*What to produce*
Your job is to print, exactly, the lines in the data below from the line with "Restaurante Manaw Nikkei" through the line with "نيسان ألتيما", both included, and to omit any picture.

*Material provided*
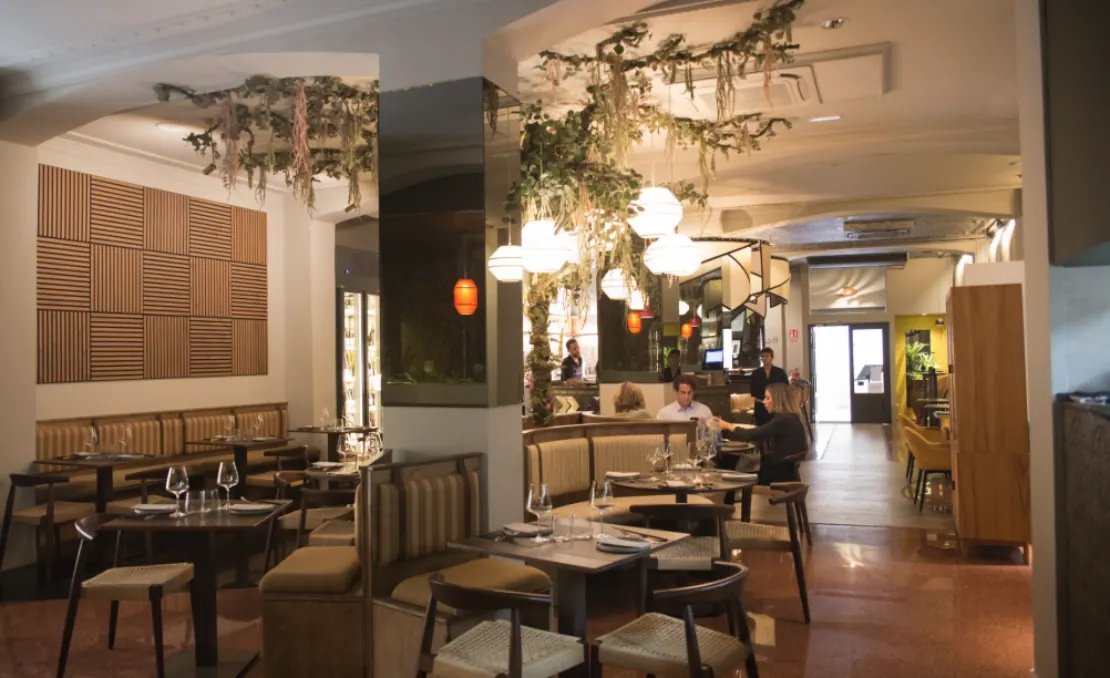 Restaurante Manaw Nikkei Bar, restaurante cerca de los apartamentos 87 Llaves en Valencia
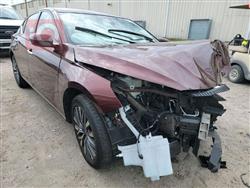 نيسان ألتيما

--

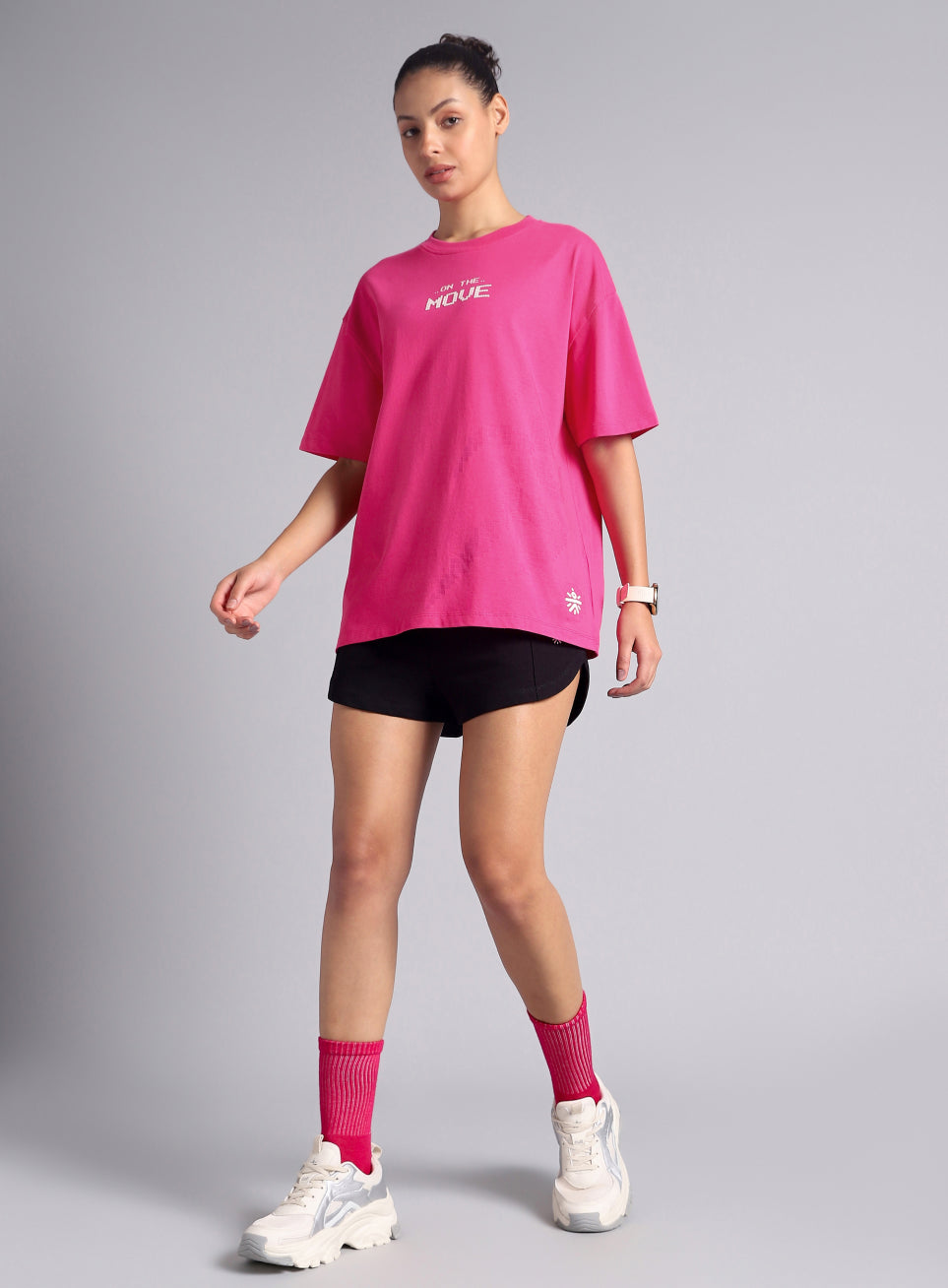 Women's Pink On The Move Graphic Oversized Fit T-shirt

==

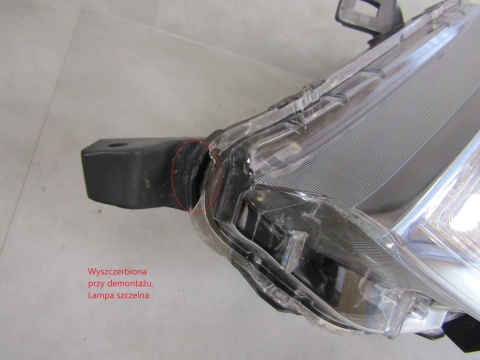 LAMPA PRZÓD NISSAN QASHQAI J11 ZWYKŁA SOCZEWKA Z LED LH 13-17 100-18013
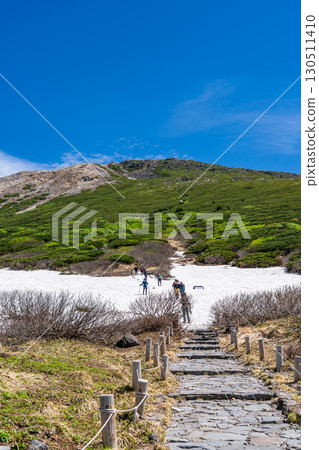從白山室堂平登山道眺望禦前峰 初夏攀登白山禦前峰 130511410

*Result*
 Restaurante Manaw Nikkei Bar, restaurante cerca de los apartamentos 87 Llaves en Valencia
 نيسان ألتيما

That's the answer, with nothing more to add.